Thursday 1 December 2022

I've turned 70

70 years. My goodness, do people really live that long? I grew up with some sort of idea that old people were, well, old. Canes, walkers, rocking chairs, slow to move, slow to respond. I know somebody’s going to come out with some quip like, “You’re as old as you feel.” At sixty you can fake it, but I think at seventy, you have crossed the line: you are officially old.

70 years. 852 months. 25,567 days. At this point, does everyone ask themselves, “Where did the time go?” Do people in general also question what they’ve done, what they’ve accomplished, and what mistakes they’ve made? “If I could be twenty again but knowing what I know now.”

My father died two days shy of his 80th birthday. How much time do I have left? This ride isn’t going to last forever, and like it or not, my stay is limited. I just don’t know when it’s going to be over.

So, just what have I accomplished? What do I have to show for anything I’ve done throughout the years? Can I point to something and say, “I did that”?

When I was a kid, I seemed to have shown promise. That promise never materialised. Much to my chagrin, I’ve turned out to be at best average, probably more mundane, even mediocre. If I am where I am, I see it more as a question of luck rather than of a carefully executed life plan of goal fulfillment.
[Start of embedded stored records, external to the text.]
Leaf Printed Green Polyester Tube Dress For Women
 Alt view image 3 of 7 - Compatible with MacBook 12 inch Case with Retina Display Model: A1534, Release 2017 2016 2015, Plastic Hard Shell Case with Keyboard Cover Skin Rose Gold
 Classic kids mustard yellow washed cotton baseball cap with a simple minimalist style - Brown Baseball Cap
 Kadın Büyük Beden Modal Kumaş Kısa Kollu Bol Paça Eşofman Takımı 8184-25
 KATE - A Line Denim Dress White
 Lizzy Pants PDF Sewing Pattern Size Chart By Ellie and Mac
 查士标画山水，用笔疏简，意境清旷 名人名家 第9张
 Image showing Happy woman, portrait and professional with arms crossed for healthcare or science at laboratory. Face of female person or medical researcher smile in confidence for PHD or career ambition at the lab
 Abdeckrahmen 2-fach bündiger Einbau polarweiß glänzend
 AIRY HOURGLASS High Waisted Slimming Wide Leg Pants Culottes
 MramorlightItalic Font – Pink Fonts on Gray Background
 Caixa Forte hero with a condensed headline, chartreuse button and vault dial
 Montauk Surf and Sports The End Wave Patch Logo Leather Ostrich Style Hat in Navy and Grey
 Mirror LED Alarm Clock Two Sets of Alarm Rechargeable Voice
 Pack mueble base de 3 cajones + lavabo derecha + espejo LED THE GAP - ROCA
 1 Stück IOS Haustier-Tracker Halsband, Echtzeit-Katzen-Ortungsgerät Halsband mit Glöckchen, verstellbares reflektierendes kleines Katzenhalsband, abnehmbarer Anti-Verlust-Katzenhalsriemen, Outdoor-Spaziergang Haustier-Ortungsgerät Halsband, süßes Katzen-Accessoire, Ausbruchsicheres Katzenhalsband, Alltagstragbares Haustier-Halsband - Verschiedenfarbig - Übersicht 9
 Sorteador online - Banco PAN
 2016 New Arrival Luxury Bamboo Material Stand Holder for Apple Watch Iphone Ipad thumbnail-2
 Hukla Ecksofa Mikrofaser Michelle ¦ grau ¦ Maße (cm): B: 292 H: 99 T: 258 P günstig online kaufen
I know somebody reading this may think I’m demonstrating humility or self-deprecation but I’d say it’s more about the curse of being smart enough to realise I’m not really smart. Clever in some ways, but nothing like that promise of me as a child.

I think about my mistakes. Sometimes, I wince. Yes, I think about my mistakes, and I literally wince. I can’t take it back. I can’t undo it. I can only live with it. And it doesn’t matter if there is some sort of explanation, a rationalisation, or a legitimate excuse for what happened; it was a mistake that I committed. I’ve had moments when I’ve been working at my desk, and I flashed on something and gotten up to pace while wringing my hands. “How could I have been so stupid? How could I have done such a thing?” Some things will haunt me for the rest of my life. I can’t rectify them; I can only try to live with them. I said try. I guess I’m managing but I still have my moments.

Health is everything. It’s a seemingly trite statement everybody’s heard and doesn’t think much of. That is, until health becomes an issue.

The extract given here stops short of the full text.